■ WHAT THE EXERCISE ASKS
Repeat the records below exactly as they appear, leaving out any pictures.
_____
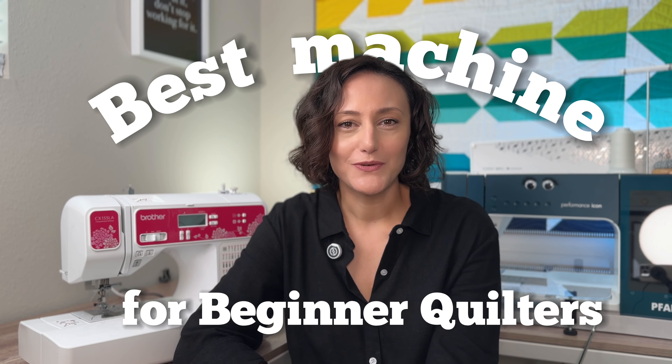Hi, I'm Elena. In today's video, we're going to talk about the beginner sewing machine that I started quilting with. I love this machine and I will never get rid of it. I will recommend this time and time again to anyone who is thinking about starting to quilt.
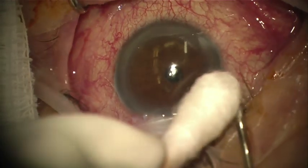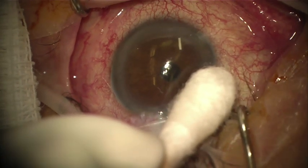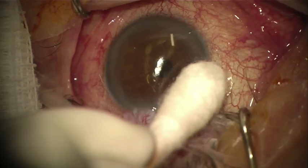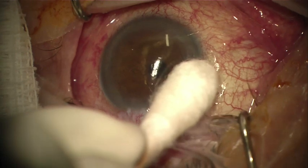If you remove the tip too quickly, the implant can follow the egressive aqueous and get lodged in the incision site. I follow this step quickly with tamponade of the incision site with the cotton tip.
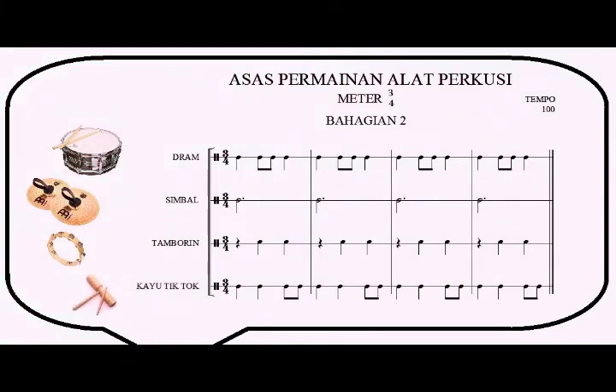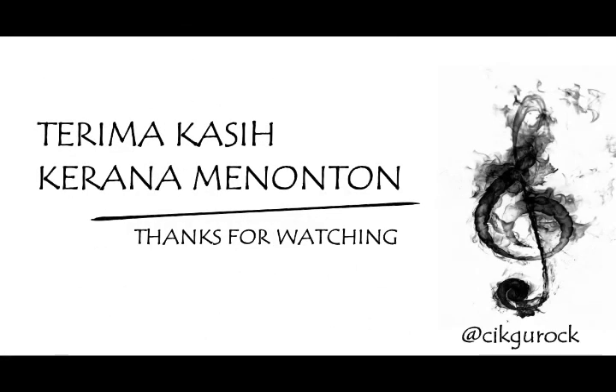One, two, three. Lesson four, let's repeat again. Snare drum, cymbals, tambourine, and tick-tock woods. One, two, three. Thank you very much, please like, comment, and subscribe to the YouTube channel.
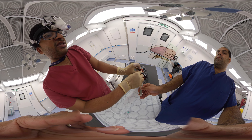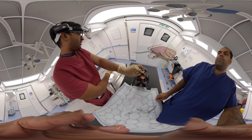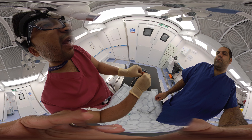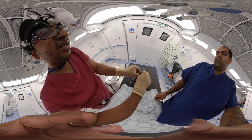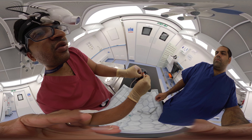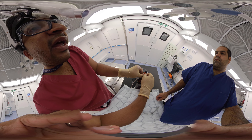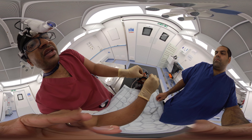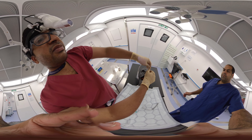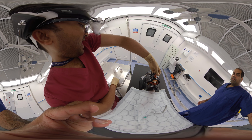Once post-nasal packing is done, before securing it we also have to do anterior nasal packing. I'll take the rapid rhino and gently introduce it along the side of the post-nasal pack — it should be generously lubricated — and then slowly push it all along parallel to the post-nasal space.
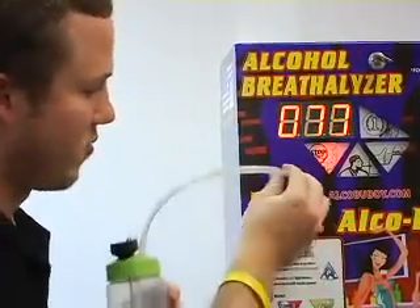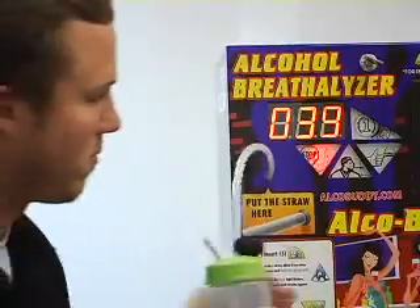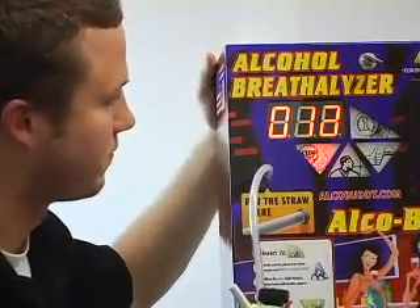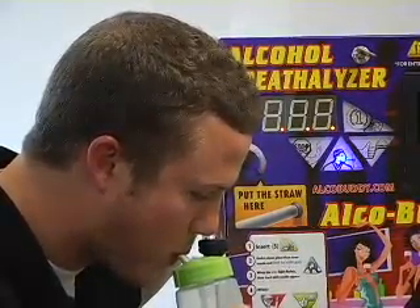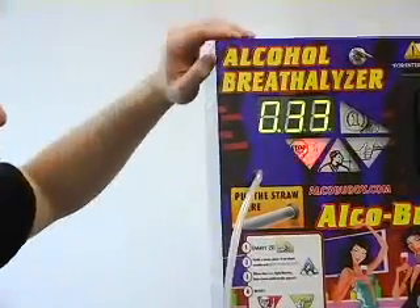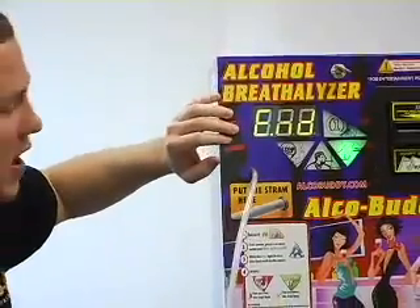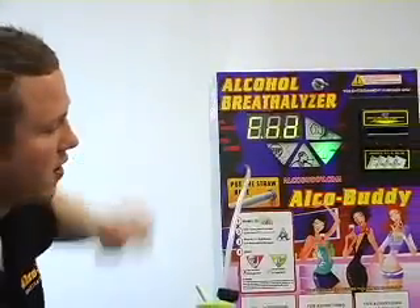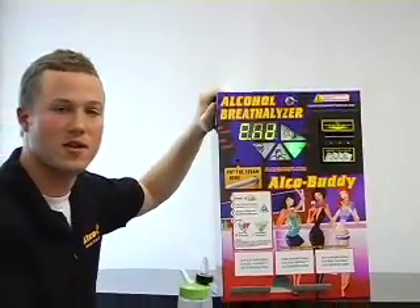We'll wait for the next 10-second countdown, hook up the tube, and get ready to blow. As you can see, we hit our range — 0.33. It flashes green and also shows 'end,' which means it's saved. Now the machine is calibrated and ready to go.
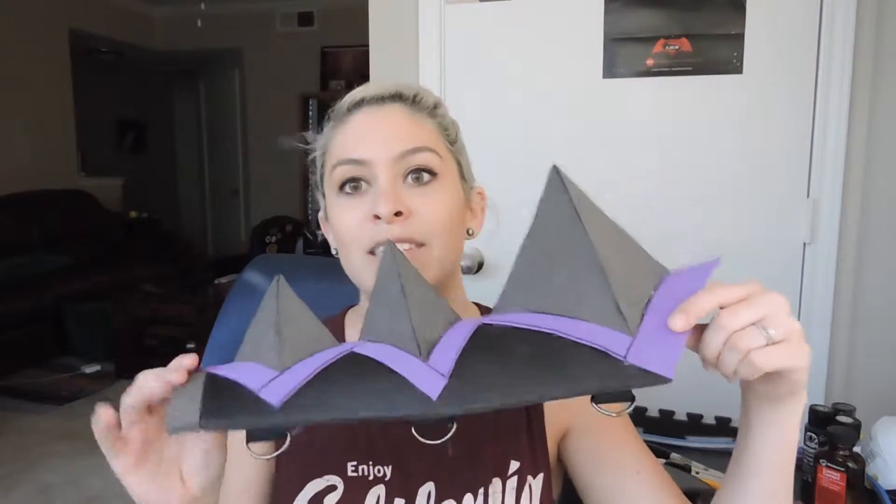Hi guys, and welcome to my channel. I just wanted to update you guys a little bit about my Heirs of Purgatory cosplay. I've been working on the legs. Last time I showed you guys the pattern that I was working on, and I've kind of got a little bit more done, as you can see.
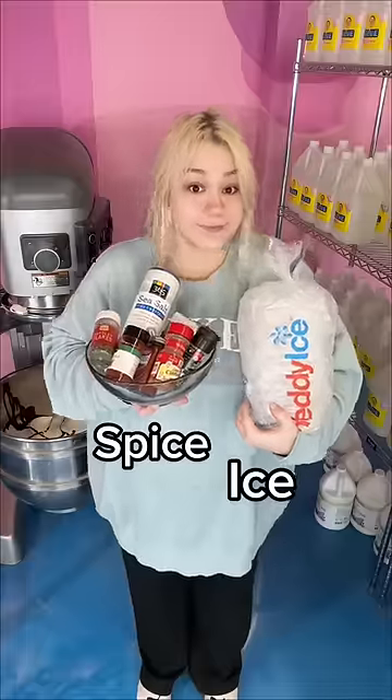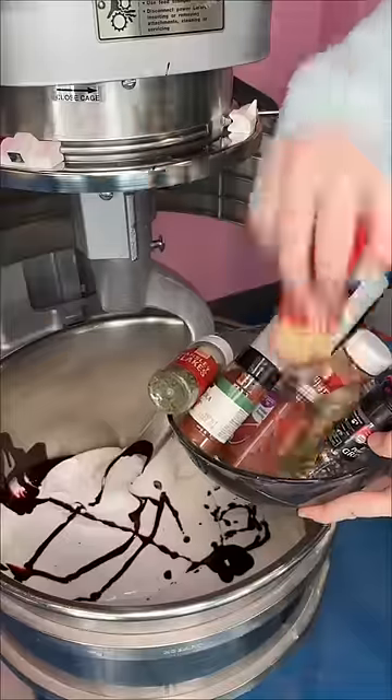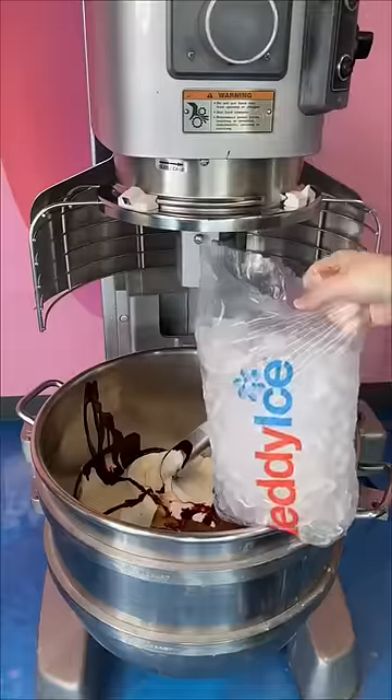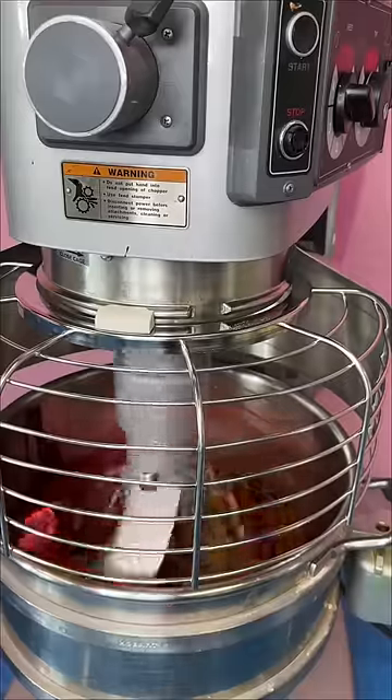I should make an ice spice slime. Sure, let's do it. I'm pretty sure this is a new Starbucks drink and I see so many of you guys asking me to make it. I don't really cook, so I didn't have a ton of spices, but we had some cayenne, some cinnamon, and some ice, so I think we'll be good.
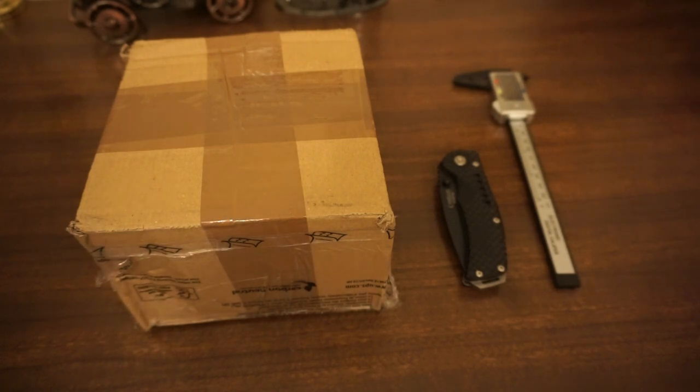Hello everyone and welcome to another episode of Watchworld. Today I have an unboxing for you. We are going to be unboxing the Britix chronograph — vintage chronograph from around 1965. So let's crack on and get straight into it.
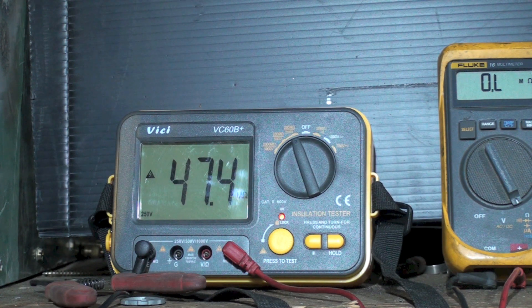So are insulation testers a better idea than a simple ohm meter that will read megaohms? Looks like they probably are. And should this compressor be replaced? It's reading 50 megaohms right now, went down to as low as 20-something.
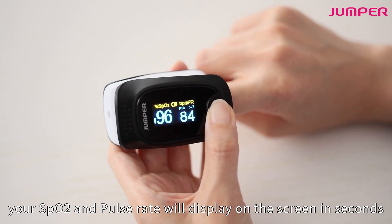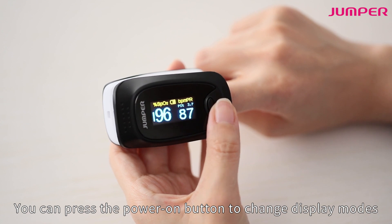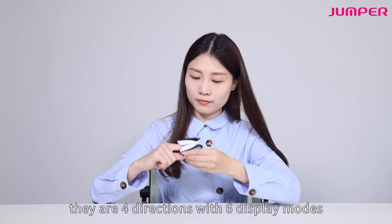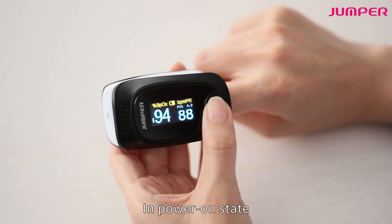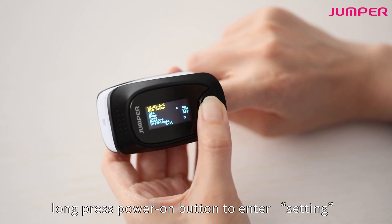You can press the power on button to change display modes. There are four directions with six display modes. In the power on state, long press the power on button to enter settings.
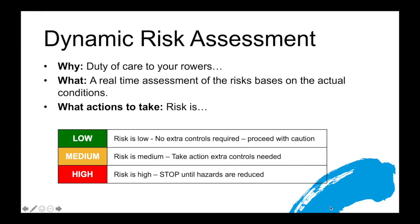For example, if you are already afloat while making your dynamic risk assessment and the risk is too high, you would stop the outing and proceed to your nearest shelter or whatever is the easiest way to get the boat off the water. If through your dynamic risk assessment you decided that the risk was too high before you went out, you would not go afloat.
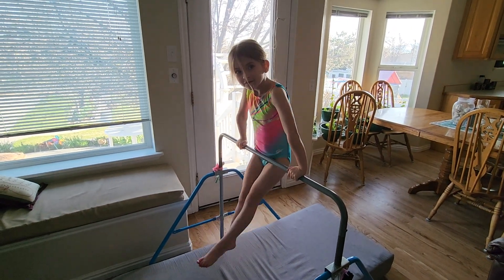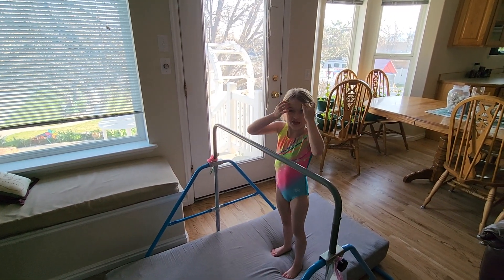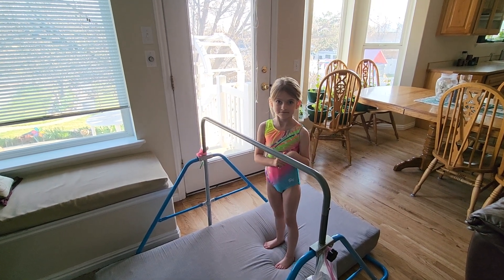This is called hollow body. And that helps you to do the back hip circle. If you practice those a lot, it helps you do them.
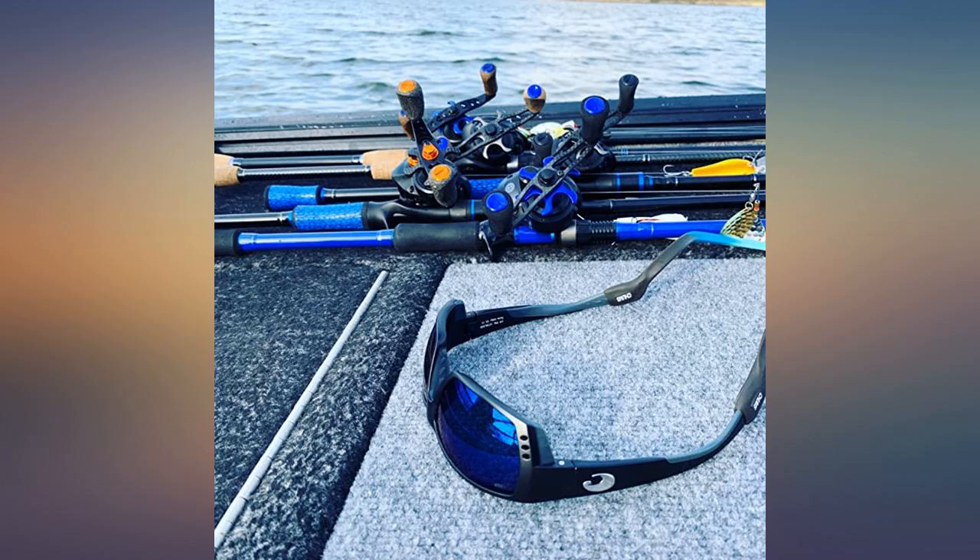I also have the glass lens in my other Tuna Alley. Fantastic optics — I recommend them for everyone.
_____
■ RESPONSE
Hi, I'm Elena. In today's video, we're going to talk about the beginner sewing machine that I started quilting with. I love this machine and I will never get rid of it. I will recommend this time and time again to anyone who is thinking about starting to quilt.
If you remove the tip too quickly, the implant can follow the egressive aqueous and get lodged in the incision site. I follow this step quickly with tamponade of the incision site with the cotton tip.
One, two, three. Lesson four, let's repeat again. Snare drum, cymbals, tambourine, and tick-tock woods. One, two, three. Thank you very much, please like, comment, and subscribe to the YouTube channel.
Once post-nasal packing is done, before securing it we also have to do anterior nasal packing. I'll take the rapid rhino and gently introduce it along the side of the post-nasal pack — it should be generously lubricated — and then slowly push it all along parallel to the post-nasal space.
We'll wait for the next 10-second countdown, hook up the tube, and get ready to blow. As you can see, we hit our range — 0.33. It flashes green and also shows 'end,' which means it's saved. Now the machine is calibrated and ready to go.
Hi guys, and welcome to my channel. I just wanted to update you guys a little bit about my Heirs of Purgatory cosplay. I've been working on the legs. Last time I showed you guys the pattern that I was working on, and I've kind of got a little bit more done, as you can see.
I should make an ice spice slime. Sure, let's do it. I'm pretty sure this is a new Starbucks drink and I see so many of you guys asking me to make it. I don't really cook, so I didn't have a ton of spices, but we had some cayenne, some cinnamon, and some ice, so I think we'll be good.
Hello everyone and welcome to another episode of Watchworld. Today I have an unboxing for you. We are going to be unboxing the Britix chronograph — vintage chronograph from around 1965. So let's crack on and get straight into it.
So are insulation testers a better idea than a simple ohm meter that will read megaohms? Looks like they probably are. And should this compressor be replaced? It's reading 50 megaohms right now, went down to as low as 20-something.
You can press the power on button to change display modes. There are four directions with six display modes. In the power on state, long press the power on button to enter settings.
For example, if you are already afloat while making your dynamic risk assessment and the risk is too high, you would stop the outing and proceed to your nearest shelter or whatever is the easiest way to get the boat off the water. If through your dynamic risk assessment you decided that the risk was too high before you went out, you would not go afloat.
This is called hollow body. And that helps you to do the back hip circle. If you practice those a lot, it helps you do them.
I also have the glass lens in my other Tuna Alley. Fantastic optics — I recommend them for everyone.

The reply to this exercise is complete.